• **Problem description**
The answer must be the full data, restated word for word, with no pictures in it.

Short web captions
^^^^^^^^^^^^^^^^

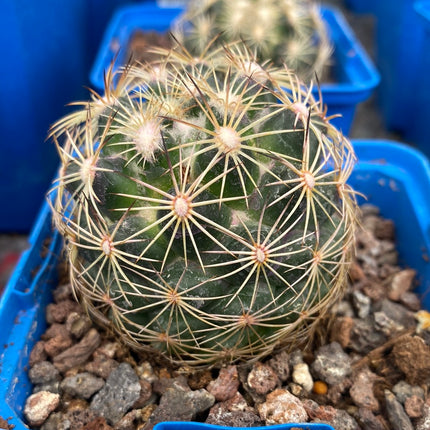 Coryphantha cornifera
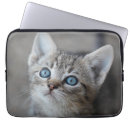 Recherche de image ordinateurs portables protections Photographie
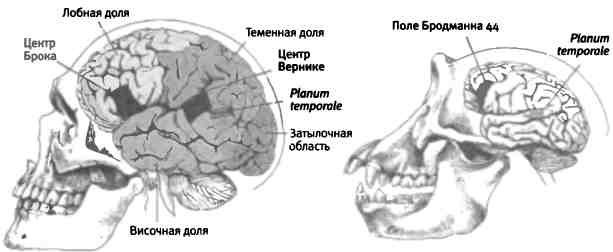 Иллюстрация к книге — Бесконечное число самых прекрасных форм [img_115.jpg]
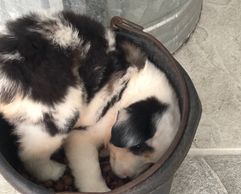 Miniature Australian Shepherd breeder. Miniature American Shepherd Breeder. Toy Australian Shepherd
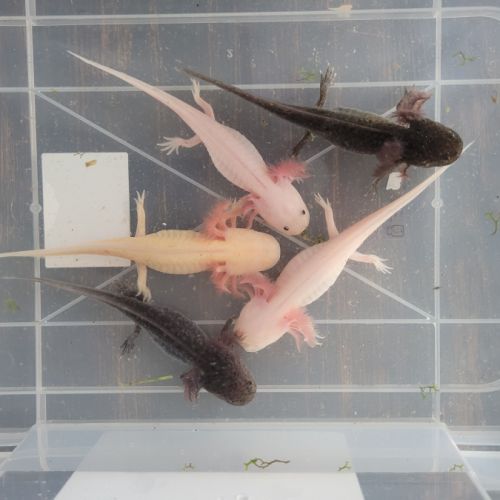 Jeunes axolotls agés de 6 mois #1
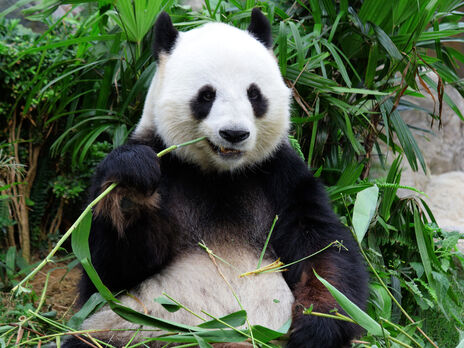 В зоопарке Гонконга умер самый старый в мире самец панды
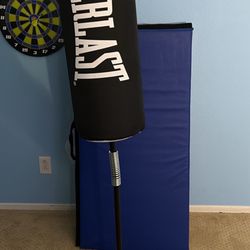 Everlast Reflex Bag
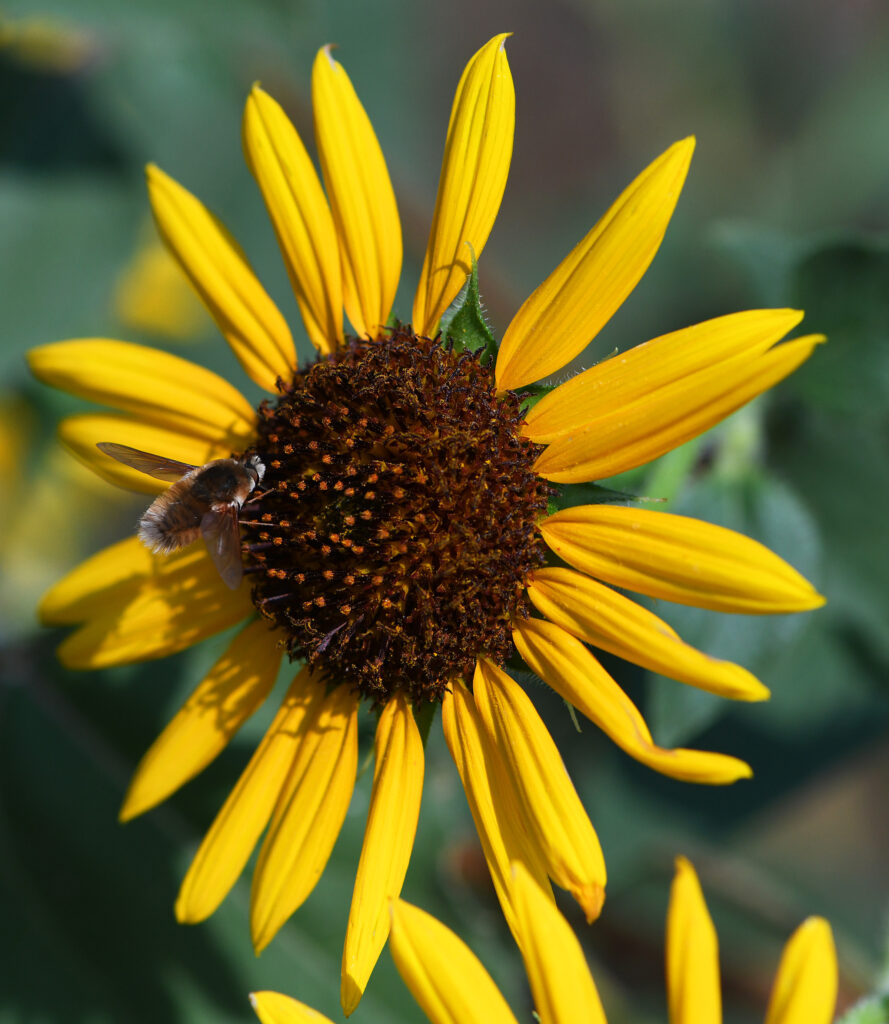 Sunflower, Windsor, CO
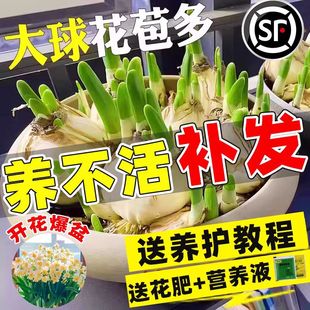 漳州水仙花種球盆栽水養(yǎng)帶花苞風信子水培植物室內(nèi)四好養(yǎng)耐寒花卉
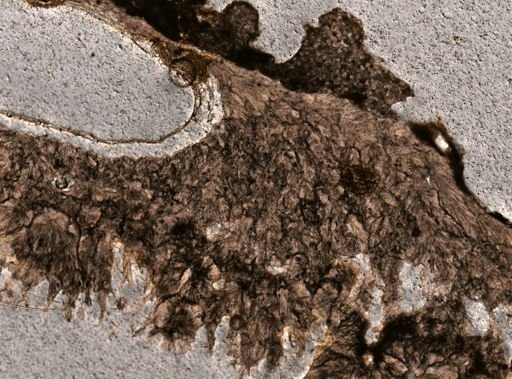Goreauiella auriculata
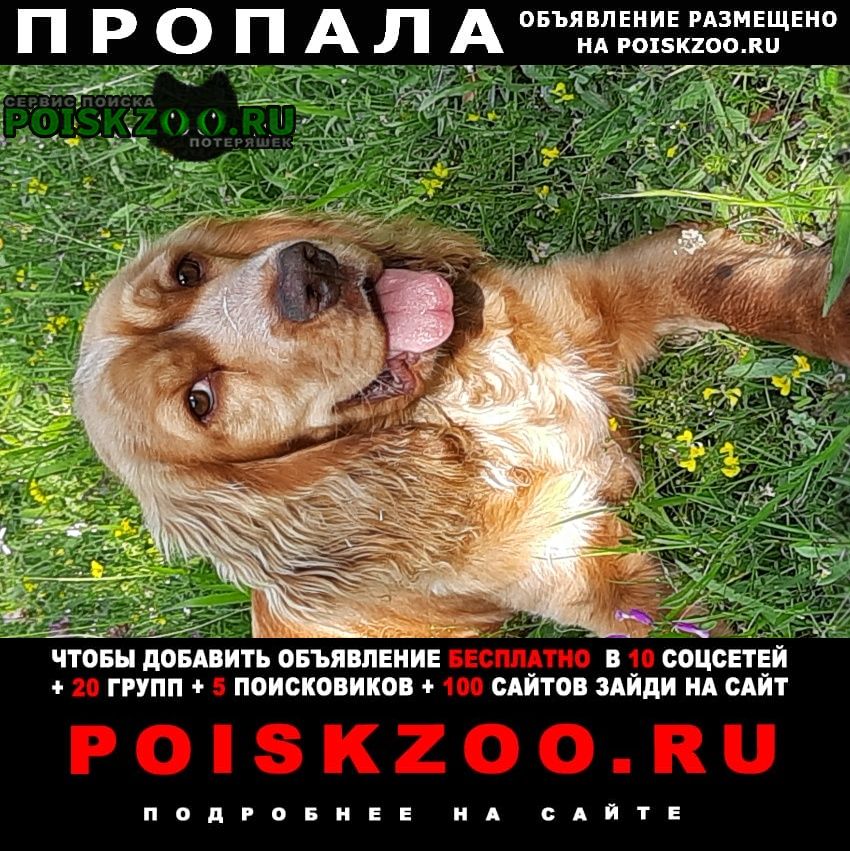 Пропала собака кобель рыжий спаниель Севастополь
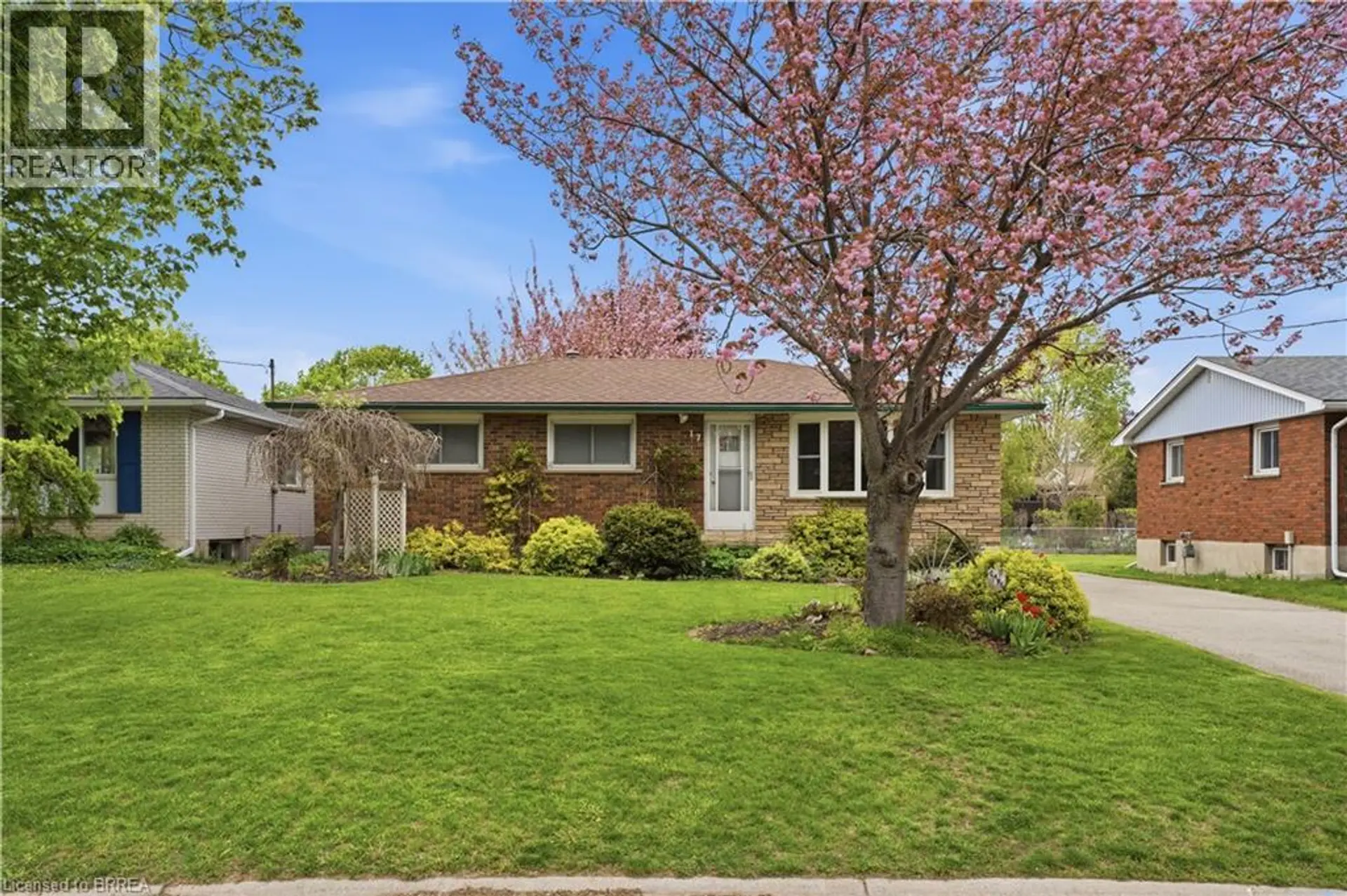 17 KATHLEEN Street - Image 2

^^^^^^^^^^^^^^^^

• **The completed task**
 Coryphantha cornifera
 Recherche de image ordinateurs portables protections Photographie
 Иллюстрация к книге — Бесконечное число самых прекрасных форм [img_115.jpg]
 Miniature Australian Shepherd breeder. Miniature American Shepherd Breeder. Toy Australian Shepherd
 Jeunes axolotls agés de 6 mois #1
 В зоопарке Гонконга умер самый старый в мире самец панды
 Everlast Reflex Bag
 Sunflower, Windsor, CO
 漳州水仙花種球盆栽水養(yǎng)帶花苞風信子水培植物室內(nèi)四好養(yǎng)耐寒花卉
Goreauiella auriculata
 Пропала собака кобель рыжий спаниель Севастополь
 17 KATHLEEN Street - Image 2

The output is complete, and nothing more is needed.